Opening Breakwater, was a life long aspiration, seeing it to 6 months trading successfully, wasn’t solely built on the skills of being a brewer, it was a combination of being behind a bar, running busy sea front pubs, back street boozers, fancy kitchens, running businesses at tough times in the greater world, marketing and comms skills learned at that time of need; street smarts rather than book learned.   Employing people to operate, giving them the opportunities, to take the brewery and make it their own has been the bigger pleasure, maybe not “cool” but super exciting to me.

What the hell am I getting at?

In summary, being a brewer is a hard, wet, dangerous job – those that do it day in day out are, I believe, genuinely worthy of the hero status that is being bestowed on them.   You need to be smart, practical and fit.  If you really really want to be a brewer, for all of us, go be the best brewer you can be, absolutely kill it.  Invest in yourself, keep yourself fit and well and make a commitment to making great beer.   We who dress up the industry will be eternally grateful.

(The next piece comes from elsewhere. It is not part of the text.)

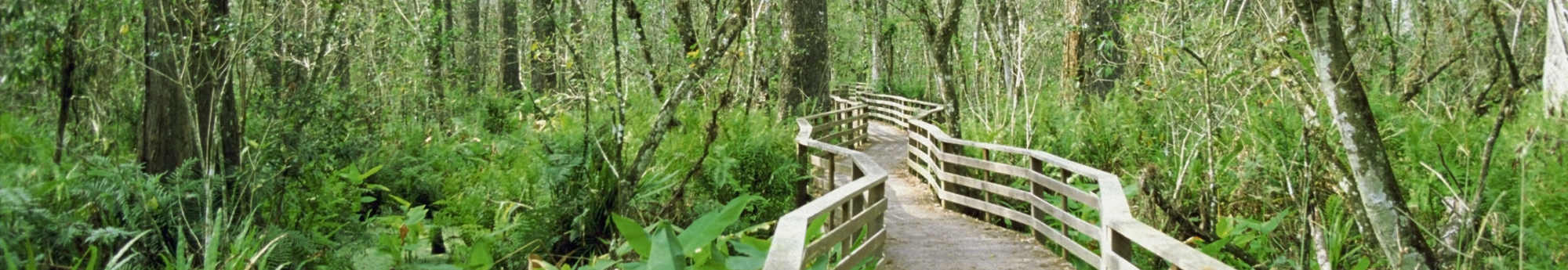 Resources banner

Likewise, I am always in awe of the people who can turn a few twitter followers into beer tastings, then blog articles, then books, then speaking engagements, then businesses, consultancies even breweries.

There are huge opportunities to those that are willing to commit to being the best in farming, agronomics, ingredients science, research and development, education, logistics, supply chain, distribution, retail, marketing, accountancy, communications, events management,.. and so much more.

You still want to be a brewer!?


  1. I have never heard of this famous Phil Lowery.

    Which breweries did he work at? what are then names of his famous beers? where can I taste his beers?